November 2025. I got the call on a Wednesday evening — the kind that comes just as you’re settling in with a cup of tea and have absolutely no intention of going anywhere. The works manager at a large municipal sewage treatment works in the East Midlands — I’ll call it Fenside Water Recycling Centre, though that’s not its actual name — was, to put it diplomatically, not having a good week. Their two Alfa Laval centrifuges had been underperforming for the better part of four months. Cake solids were hovering around 18.1% dry solids on a good day, sometimes dipping below 17%. Their polyacrylamide consumption had crept up as operators tried to compensate by pushing the dose higher, and energy consumption on the centrifuge circuit was running noticeably above the site’s own benchmark figures.

“We’ve got an auditor coming in January,” he said. “And our disposal contractor has told us they’re reviewing the gate rate upward in the new year. I need something to change before then.”

I was on site by Friday morning.

What I found was a sludge-dewatering programme that hadn’t been properly reviewed in over three years. The site was dosing a medium-charge cationic-polyacrylamide — 35% ionicity, moderate molecular weight — that had been selected when the sludge blend was predominantly primary. Since then, the proportion of waste activated sludge in the blend had increased significantly following an aeration lane upgrade, and nobody had gone back to check whether the existing polymer was still fit for purpose. In my experience, that’s one of the most common and most costly oversights in municipal wastewater-treatment operations. The sludge changes. The polymer programme rarely keeps up.
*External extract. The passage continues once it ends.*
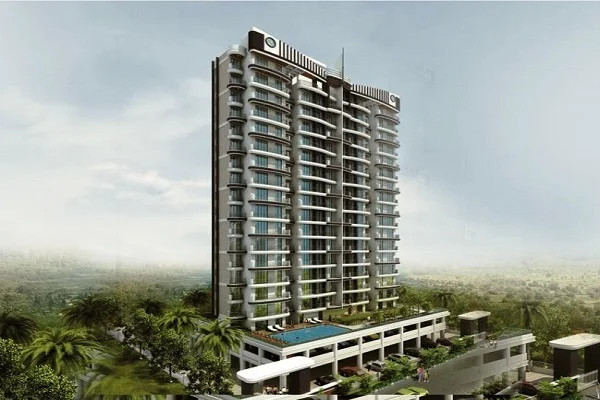 Property listing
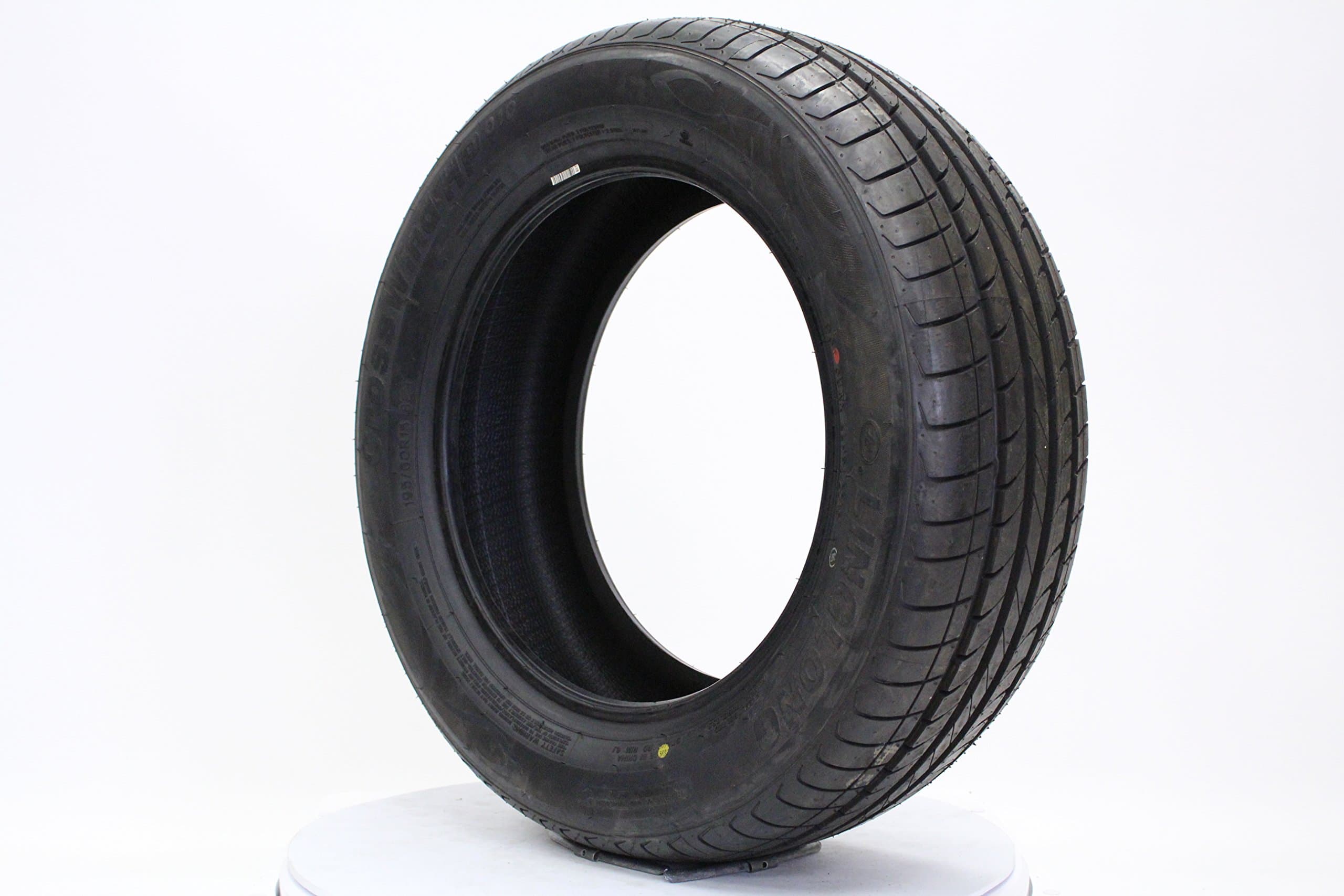 Crosswind HP010 225/55R18 98H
The 2026 Context: Why the Pressure on Sewage Works Has Never Been Greater

Before I get into the detail of what we found and fixed, it’s worth spending a moment on the bigger picture, because the commercial and regulatory environment facing UK water companies and their treatment works in 2026 is genuinely demanding in a way that makes polymer optimisation a board-level concern rather than just a plant chemistry issue.
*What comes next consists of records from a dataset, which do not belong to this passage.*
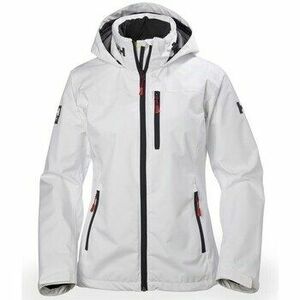 Széldzseki Helly Hansen Crew Hooded Jacket kép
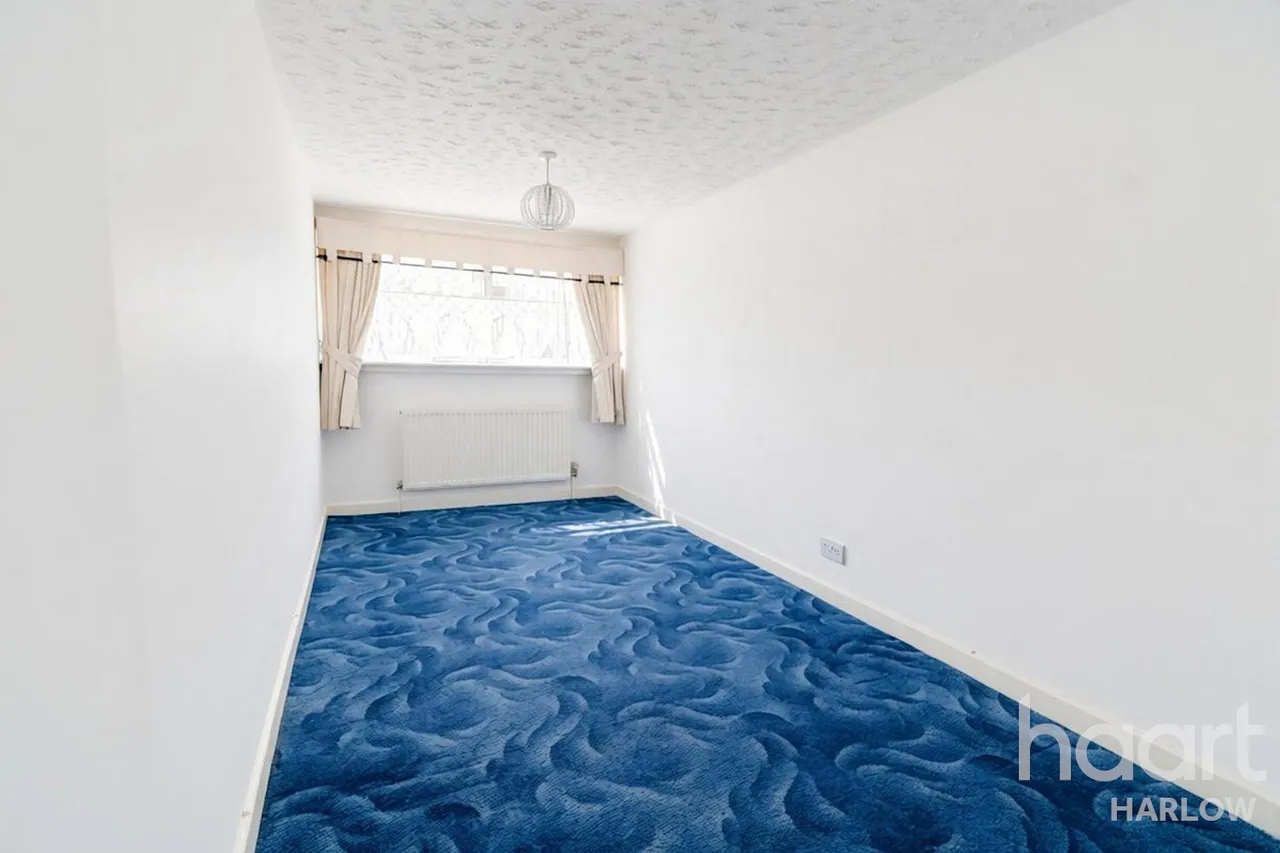 Altham Grove, Harlow, CM20, photo 12
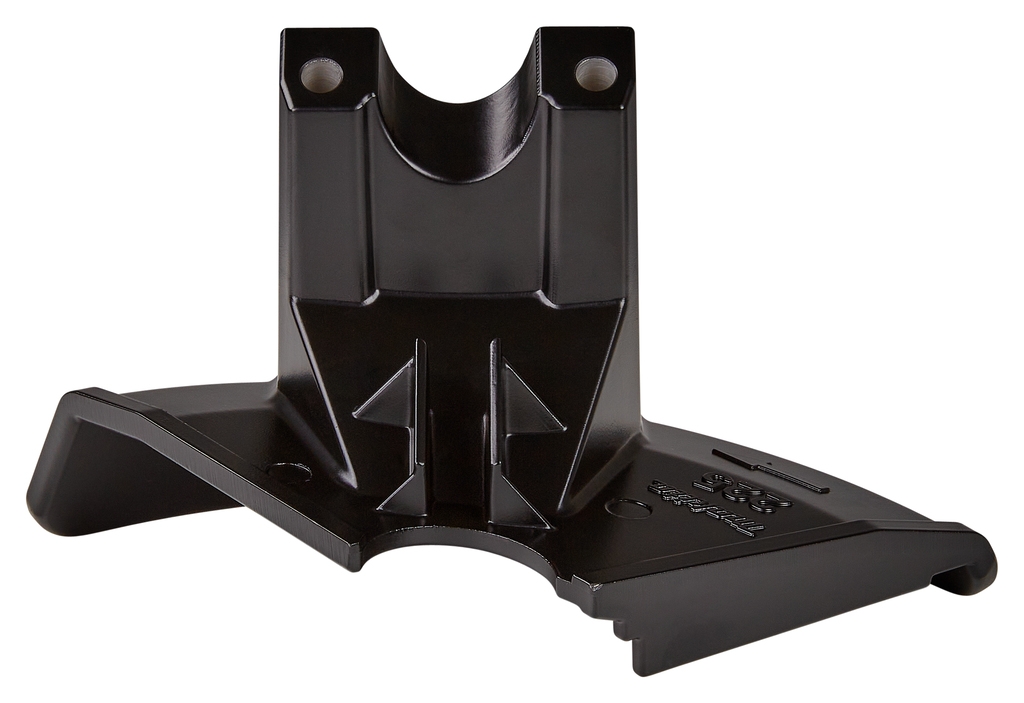 Makita Accessories 199873-7 Pjūklo apsauga
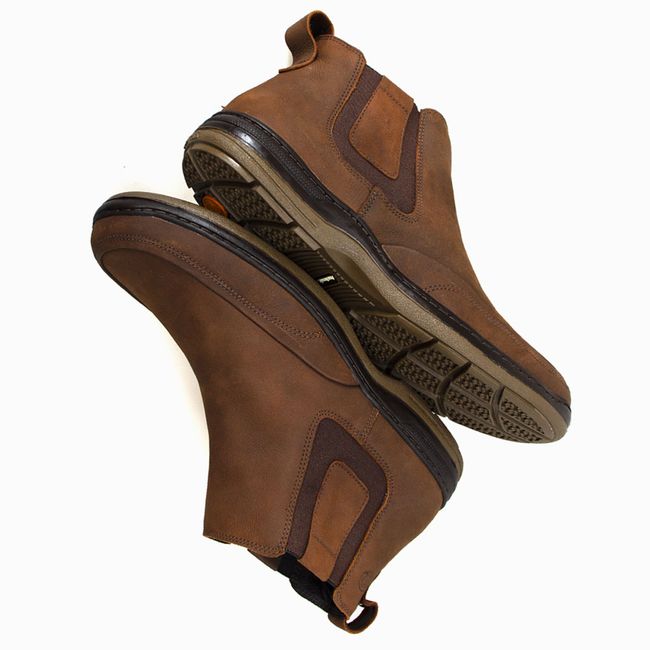 bota-anatomicgel-1091-rustico-conhaque-04 bota-anatomicgel-1091-rustico-conhaque-04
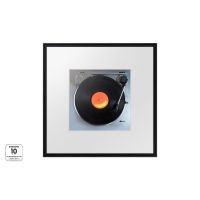 barra de sonido samsung hw-ls60d bluetooth wi-fi 120w con dolby atmos y chromecast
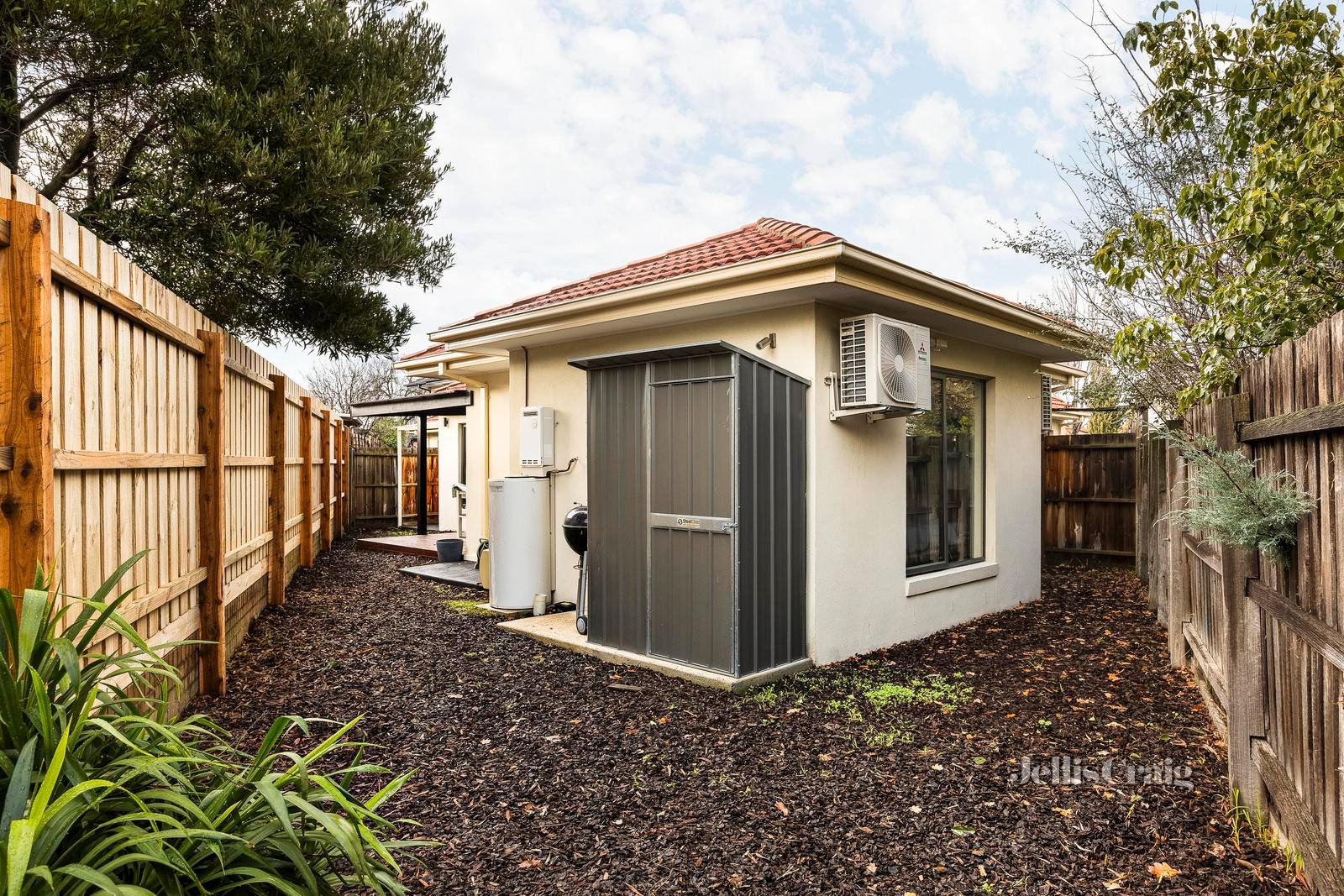 4/64 Andrews Avenue, Reservoir image 11
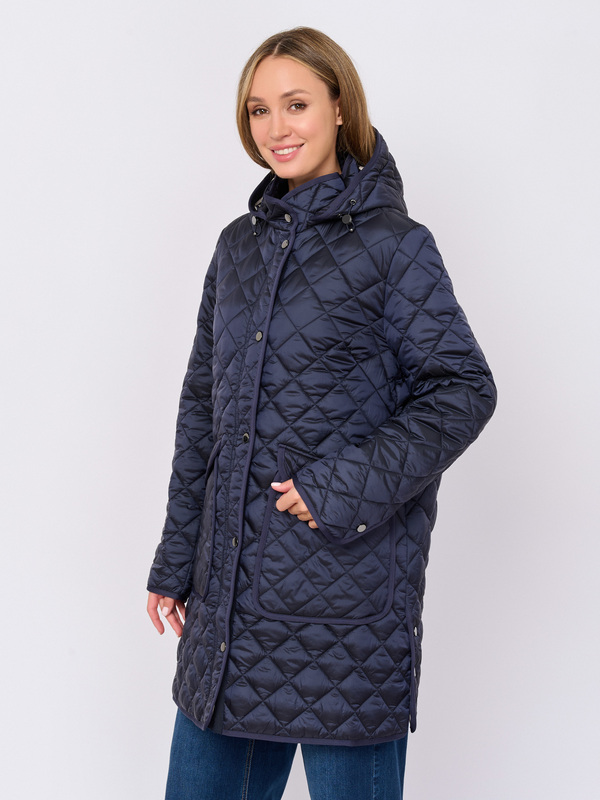 Пальто Betty Barclay, фото 9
The net-zero commitments that UK water companies made under their PR24 business plans are now translating into hard operational targets. Energy consumption at wastewater-treatment works — and centrifuge dewatering is one of the most energy-intensive processes on any sewage site — is under direct scrutiny. Ofwat’s performance commitments are being monitored, and companies that fall short on energy efficiency or environmental performance are increasingly exposed to financial penalties.

At the same time, biosolids disposal costs have continued to rise sharply. Agricultural spreading — still the most economical route for compliant biosolids — is under increasing pressure from catchment sensitivity designations and the evolving regulatory position on nutrient neutrality in various river catchments. Incineration capacity is limited and expensive. The practical consequence is that water companies and their contractors are paying more per tonne for disposal year on year, and the incentive to squeeze every possible percentage point of dry solids out of the dewatering process has never been sharper.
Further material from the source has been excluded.